Iga Świątek ma jeden cel na najbliższe kilkanaście dni – powtórzyć w Nowym Jorku sukces z 2022 roku. W US Open Polka okazała się wówczas bezkonkurencyjna. Teraz na kortach Flushing Meadows chce sobie powetować potknięcie z Paryża, gdzie nie udało jej się sięgnąć po złoty medal olimpijski, mimo że była murowaną faworytką turnieju. Tymczasem na piątkowym rozruchu w USA już na starcie doszło do niepokojącego incydentu. Wszystko zarejestrowała kamera umiejscowiona przy korcie treningowym.
Iga Świątek wciąż czeka na pierwsze turniejowe zwycięstwo po igrzyskach olimpijskich w Paryżu. Sięgnęła tam po historyczny, premierowy dla polskiego tenisa medal w imprezie czterolecia. Satysfakcja nie mogła być jednak pełna, bo krążek okazał się brązowy. Liderka światowego rankingu skazywana była na szczere złoto.Raszynianka zrezygnowała ze startu w turnieju w Montrealu. Zagrała natomiast niedługo potem w Cincinnati. W półfinale musiała jednak uznać wyższość Aryny Sabalenki. Wyczekiwana chwila triumfu ma przyjść teraz, w Nowym Jorku.

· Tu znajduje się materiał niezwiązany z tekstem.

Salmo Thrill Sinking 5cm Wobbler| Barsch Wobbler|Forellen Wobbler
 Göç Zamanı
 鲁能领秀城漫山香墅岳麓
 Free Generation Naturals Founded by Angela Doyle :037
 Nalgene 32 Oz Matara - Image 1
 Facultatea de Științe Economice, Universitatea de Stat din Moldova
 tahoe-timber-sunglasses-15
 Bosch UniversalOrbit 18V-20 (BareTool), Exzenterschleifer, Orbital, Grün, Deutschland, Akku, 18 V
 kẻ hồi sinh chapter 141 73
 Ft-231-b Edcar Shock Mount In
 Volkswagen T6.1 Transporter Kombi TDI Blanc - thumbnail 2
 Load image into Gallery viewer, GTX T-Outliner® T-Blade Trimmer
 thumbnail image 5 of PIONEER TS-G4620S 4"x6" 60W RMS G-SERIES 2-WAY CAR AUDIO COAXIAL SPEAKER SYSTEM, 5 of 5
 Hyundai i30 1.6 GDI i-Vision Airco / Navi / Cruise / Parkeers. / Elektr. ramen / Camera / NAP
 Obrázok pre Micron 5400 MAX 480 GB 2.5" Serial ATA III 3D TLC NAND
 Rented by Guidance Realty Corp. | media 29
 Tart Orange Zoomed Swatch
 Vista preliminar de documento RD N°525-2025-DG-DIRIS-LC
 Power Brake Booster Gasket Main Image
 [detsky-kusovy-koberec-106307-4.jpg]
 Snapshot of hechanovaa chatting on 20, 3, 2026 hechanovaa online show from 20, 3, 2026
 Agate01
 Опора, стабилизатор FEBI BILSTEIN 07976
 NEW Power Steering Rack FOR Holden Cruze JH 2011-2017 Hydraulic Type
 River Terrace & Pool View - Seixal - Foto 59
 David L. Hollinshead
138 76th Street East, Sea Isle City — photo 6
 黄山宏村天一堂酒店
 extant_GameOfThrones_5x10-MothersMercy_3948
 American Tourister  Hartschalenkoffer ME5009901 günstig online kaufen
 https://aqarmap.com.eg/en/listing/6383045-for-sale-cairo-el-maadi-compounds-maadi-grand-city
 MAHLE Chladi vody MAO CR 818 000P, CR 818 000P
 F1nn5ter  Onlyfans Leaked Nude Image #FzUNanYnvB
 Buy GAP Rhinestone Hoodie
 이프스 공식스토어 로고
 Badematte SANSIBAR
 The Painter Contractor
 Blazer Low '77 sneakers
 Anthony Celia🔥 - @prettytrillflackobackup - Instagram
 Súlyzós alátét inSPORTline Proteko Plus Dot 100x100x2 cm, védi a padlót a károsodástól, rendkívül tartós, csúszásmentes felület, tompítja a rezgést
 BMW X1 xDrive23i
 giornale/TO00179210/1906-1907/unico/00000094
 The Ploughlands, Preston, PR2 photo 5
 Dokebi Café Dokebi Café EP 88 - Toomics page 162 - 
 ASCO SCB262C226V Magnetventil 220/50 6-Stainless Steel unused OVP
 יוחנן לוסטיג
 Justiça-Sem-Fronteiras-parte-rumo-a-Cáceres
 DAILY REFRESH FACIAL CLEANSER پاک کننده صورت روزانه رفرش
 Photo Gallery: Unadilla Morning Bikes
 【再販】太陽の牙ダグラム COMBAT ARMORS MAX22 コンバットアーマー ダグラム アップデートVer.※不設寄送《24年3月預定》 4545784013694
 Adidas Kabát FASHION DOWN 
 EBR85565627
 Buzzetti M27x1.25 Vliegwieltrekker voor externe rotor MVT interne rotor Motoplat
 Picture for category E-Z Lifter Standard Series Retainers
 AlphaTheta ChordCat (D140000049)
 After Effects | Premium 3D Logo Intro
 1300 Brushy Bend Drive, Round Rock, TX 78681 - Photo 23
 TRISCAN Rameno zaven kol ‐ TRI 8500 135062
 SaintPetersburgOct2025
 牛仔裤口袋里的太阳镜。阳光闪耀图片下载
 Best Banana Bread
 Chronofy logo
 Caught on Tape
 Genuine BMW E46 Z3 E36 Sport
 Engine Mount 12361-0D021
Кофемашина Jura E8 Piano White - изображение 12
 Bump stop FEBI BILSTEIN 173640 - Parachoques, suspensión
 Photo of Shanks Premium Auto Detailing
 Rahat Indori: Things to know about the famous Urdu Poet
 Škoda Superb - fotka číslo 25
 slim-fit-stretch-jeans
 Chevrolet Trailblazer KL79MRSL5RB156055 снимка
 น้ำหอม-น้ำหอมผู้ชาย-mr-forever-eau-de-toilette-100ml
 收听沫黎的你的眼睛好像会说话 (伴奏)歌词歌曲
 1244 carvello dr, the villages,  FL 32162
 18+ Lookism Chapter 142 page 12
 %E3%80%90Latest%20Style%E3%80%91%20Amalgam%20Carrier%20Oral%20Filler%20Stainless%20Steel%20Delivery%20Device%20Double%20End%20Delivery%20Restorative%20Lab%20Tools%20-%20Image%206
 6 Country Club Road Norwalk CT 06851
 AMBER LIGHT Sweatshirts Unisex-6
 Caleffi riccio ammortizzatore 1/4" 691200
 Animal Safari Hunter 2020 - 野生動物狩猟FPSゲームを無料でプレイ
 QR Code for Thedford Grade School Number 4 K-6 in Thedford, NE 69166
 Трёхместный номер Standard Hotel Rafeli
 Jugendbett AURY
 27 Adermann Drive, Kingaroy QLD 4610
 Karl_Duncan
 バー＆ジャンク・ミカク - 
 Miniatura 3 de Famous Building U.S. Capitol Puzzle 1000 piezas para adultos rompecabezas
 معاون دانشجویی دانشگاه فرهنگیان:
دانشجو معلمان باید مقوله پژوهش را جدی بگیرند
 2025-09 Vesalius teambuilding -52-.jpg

W trakcie piątkowego treningu raszynianki doszło jednak do niepokojącego incydentu, co można było zaobserwować na kanale US Open w serwisie YouTube. Iga wyszła na kort pełna energii i przez niemal 20 minut nic nie wskazywało, że tego dnia będzie słabiej dysponowana. Zaczęła jednak seryjnie psuć proste uderzenia bekhendem, co – jak się okazało – potęgowało w niej frustrację. W pewnej chwili Świątek nie dała rady stłumić irytacji. Odwróciła się plecami do trenera Tomasza Wiktorowskiego i przestałą go słuchać, mimo że ten próbował udzielać jej wskazówek. Oparła się o okalającą obiekt bandę i przez kilkadziesiąt sekund nie patrzyła na kort. – Zobacz, gdzie stoisz… odbijasz takie piłki… – próbował Wiktorowski. Ale jego słowa nie wywołały żadnej reakcji.